Price/Sales ratio = Market price of the stock / Full year sales per share
Alternatively it can also be written as
Price / Sales ratio – Market cap of the company / Net sales of the company
That brings us to the next question; what is a good price to sales ratio? Are there industry level benchmarks and country level benchmarks that can be applied? What should be the price to sales ratio for growth company and what should the P/S ratio be for stable companies? Above all, let us also understand the relevance and application of Price/Sales ratio from a practical standpoint when evaluating companies.
Circumstances in which price / sales ratio can be useful?
Price / Sales ratio measures what the market is willing to pay for every rupee of sales per share. Especially in case of high growth sectors, the P/S ratio can be very useful as a valuation measure. A combination of high growth in the sector and low P/S ratio can be a good starting point for identifying a future star in the stock market.

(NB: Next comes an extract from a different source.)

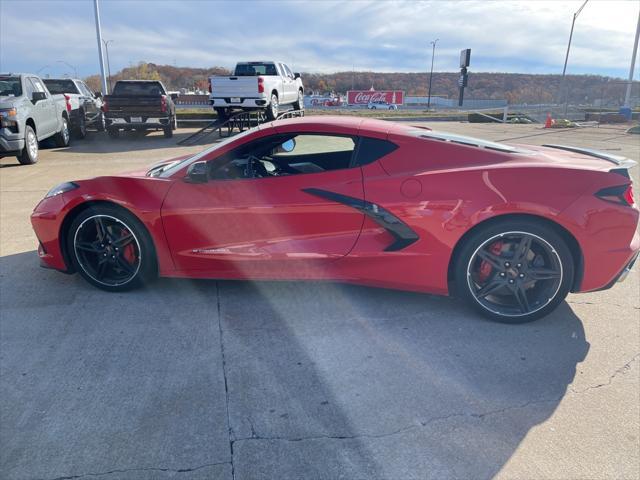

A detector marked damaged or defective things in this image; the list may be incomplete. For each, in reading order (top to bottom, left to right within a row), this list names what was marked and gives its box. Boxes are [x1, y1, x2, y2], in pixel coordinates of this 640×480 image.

pavement crack [216, 282, 236, 480]
pavement crack [568, 352, 640, 394]
pavement crack [37, 462, 232, 480]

The P/S ratio can be very useful in case of cyclical sectors. For example, steel and aluminium go through long up phases and prolonged down phases. Their profitability ranges from high profits to high losses. The P/E ratio can be quite deceptive in such cases and the P/S ratio is a more reliable indicator.
P/S ratio also works very well in case of companies where the entire sector is undergoing a major disruption. Telecom is one such example. There is big growth in data but that will take some time to translate into sales. However, the way it is being disrupted the impact on sales is going to be substantial and rapid. P/S ratio will make a lot more sense in such cases.
P/S ratio is a good measure when the company or sector is going through temporary down cycle. The profits may have started falling but you are not sure if you can read too much into the profits story. In such cases, if the growth in sales continues at the same pace then it gives you confidence that profit growth will also eventually come back. In such cases, P/S is a good backup for the P/E ratio.
The advantage of the P/S ratio is that at a time when profitability parameters cannot be applied, the efficiency parameters can still be applied. Even when the company in question is not making profits, the P/S ration and Sales/assets ratio can still be calculated and that combines the rate at which the price discounts the sales and the operating efficiency of the company.
The sales figure is less susceptible to manipulation as compared to the earnings data. In case of earnings, there is scope for the company to misrepresent on items like depreciation, interest and taxes. Sales are easier to cross-check as the data on sales is also available at an industry level and hence is less prone to manipulation.
P/S ratio can be very useful as an added balance check on the valuation methodology. For example, the P/E Ratio is a mix of performance and perception. Different analysts have different perceptions of earnings quality of companies. In the case of the P/S ratio there is more of reality and less of perception involved. Hence, when combined with the P/E ratio, the P/S Ratio gives a more realistic picture.
The price to sales ratio (P/S) has emerged as an important method of fine tuning your stock analysis and valuation methodology. While its applicability as a standalone technique may be limited, it can add value when used as an adjunct to other valuation methodologies. In specific cases like loss making companies, cyclical companies and disruptive sectors; the P/S Ratio does add a lot of analytical value.